また調査会社Quantic Foundryは、プレイしているゲームや重視する要素のアンケート調査からゲームをプレイする動機を抽出し、アンケート回答者やゲームタイトルをクラスタリングしている(Quantic Foundryやゲームのプレイ動機抽出・要素分解については筆者も取り扱ったことがあるので、興味があれば参照して欲しい)。

パーソナリティと「面白さ」の紐づけ

さらにQuantic Foundryは、プレイヤーのパーソナリティ特性とゲームの動機の相関を指摘している。

ゲームの要素とパーソナリティ特性の相関を指摘する発表は他にもある。パーソナリティ特性は脳の特定の機能や部位と関連しており、ゲームの要素分解・パーソナリティ・神経科学 / 進化心理学などを結び付けることで「ゲームの面白さ」の解明に近づくことが期待される。

それではTCGにおいて、カードやデッキの好みとパーソナリティの関連性を検証するには、どうすればいいだろうか。アンケートによるパーソナリティの推定が考えられる。
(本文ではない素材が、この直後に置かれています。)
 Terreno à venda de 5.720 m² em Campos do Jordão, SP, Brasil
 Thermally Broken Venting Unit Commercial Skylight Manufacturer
パーソナリティ特性のモデルとして代表的なOCEANモデルは簡易なアンケートで診断できる。所属チームを選択するタイプのゲーム内イベントがいくつかのタイトルに見られるが、その際「大勢の友達とパーティに行くことは好きですか?」などの質問がされるものがある。この質問はOCEANモデルの診断によく似ている。

アーリの存在感、イブリンのスタイル、カイ=サの躍動感、アカリのフロウ、そして新たに加わったセラフィーンの歌声…。新メンバーが加わったことで、選ぶのがさらに大変になってしまったかもしれません。そこでこのイベントでは、まず最初にあなたと相性の良いメンバーを診断します。

ワイルドリフト - K/DA ALL OUT
https://support-wildrift.riotgames.com/hc/ja/articles/360056267654

このようなイベントにOCEANモデルの診断を紛れ込ませることによって、パーソナリティとユーザーIDを紐づけられる。行動ログや所属クラスタとパーソナリティを対照すれば、Timmy、Johnny、Spikeなどの心理特性の仮説が検証可能になる(パーソナリティの調査と紐づけが法的、倫理的に問題ないかは別途検討する必要がある)。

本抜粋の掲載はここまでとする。